[Data provided — start]
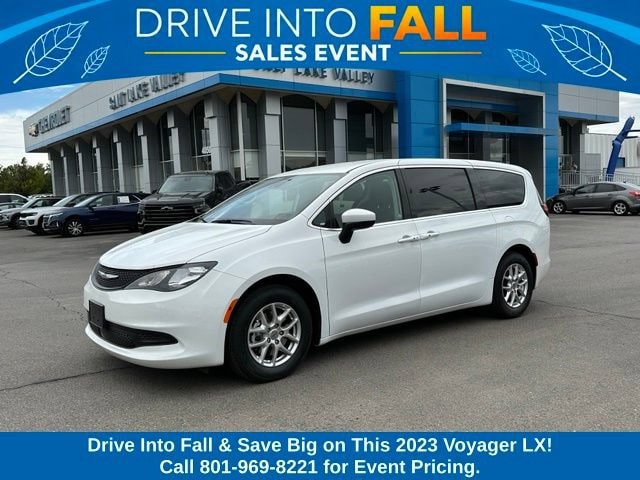 2023 Chrysler Voyager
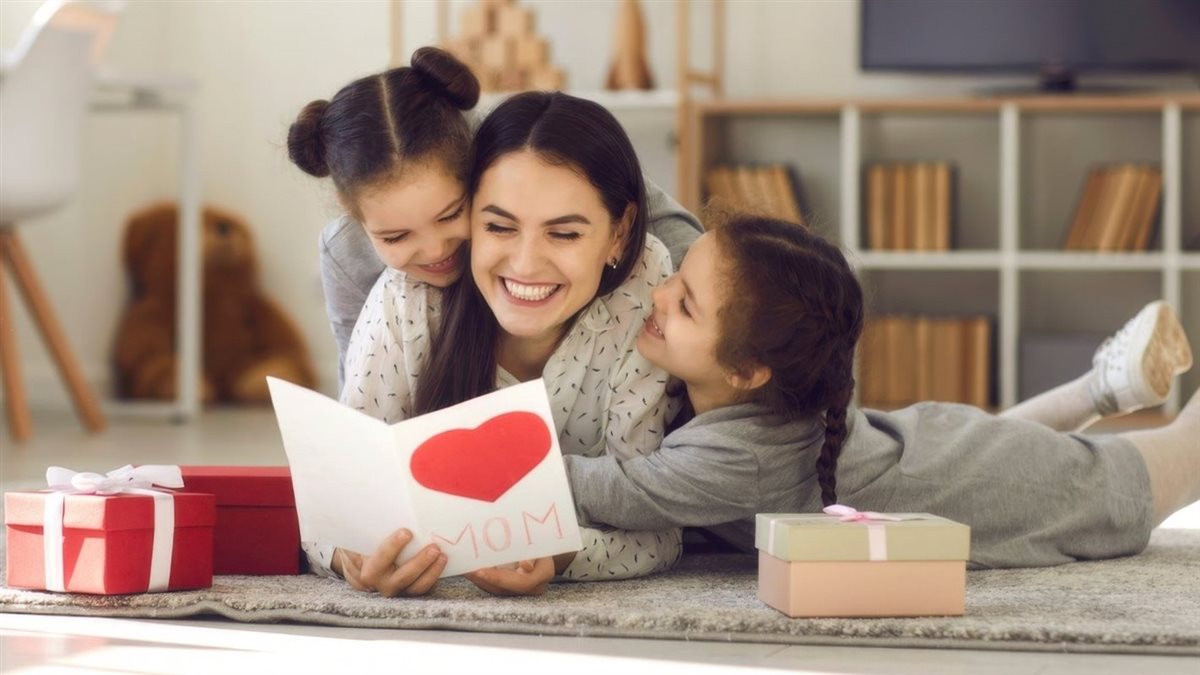 بوستات تهنئة عيد الأم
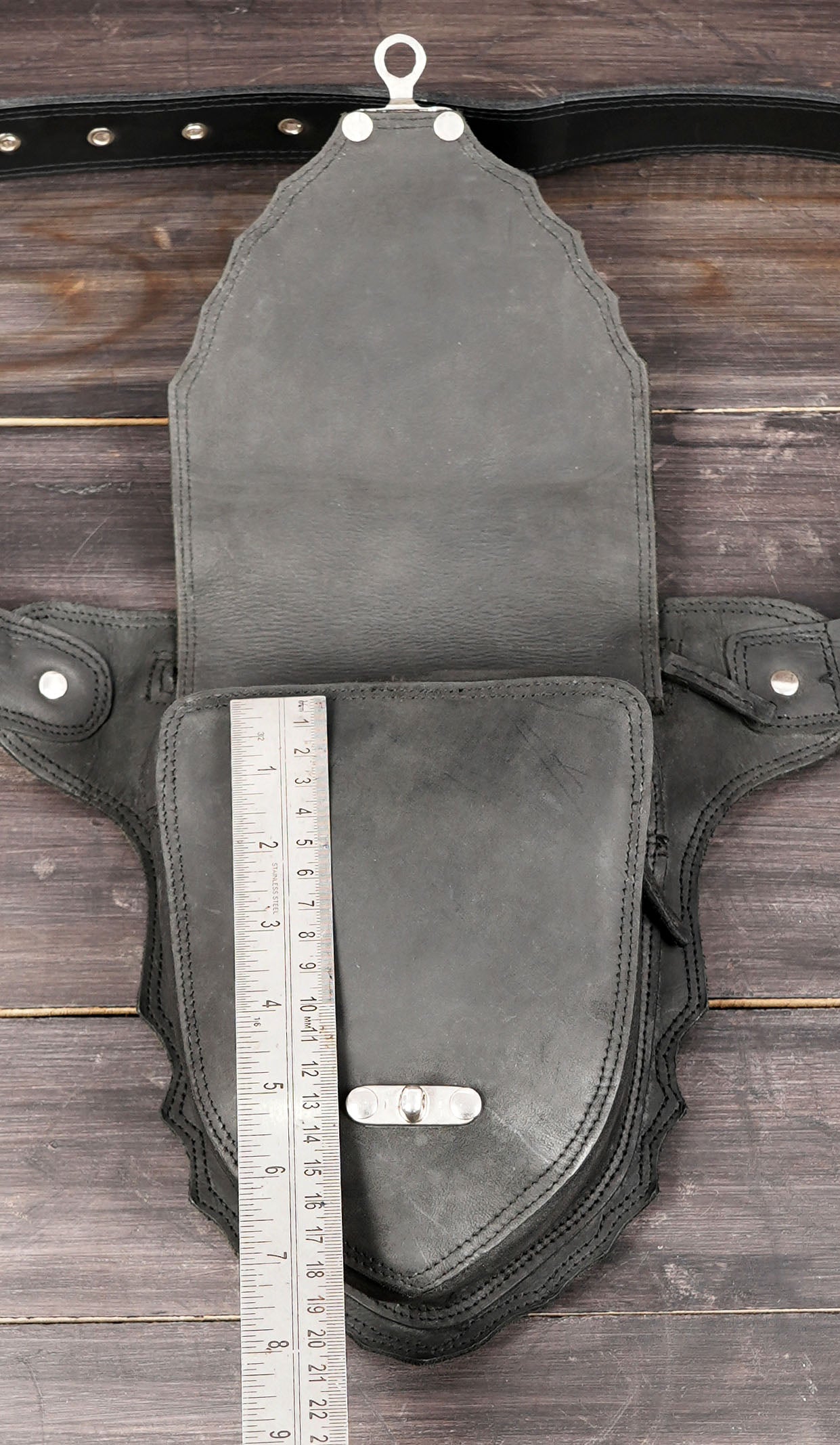 Black leather waist belt for daily wear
[Data provided — finish]
» What you have to do
Copy the whole listing above word for word but do not carry over the pictures.

» Exercise result
 2023 Chrysler Voyager
 بوستات تهنئة عيد الأم
 Black leather waist belt for daily wear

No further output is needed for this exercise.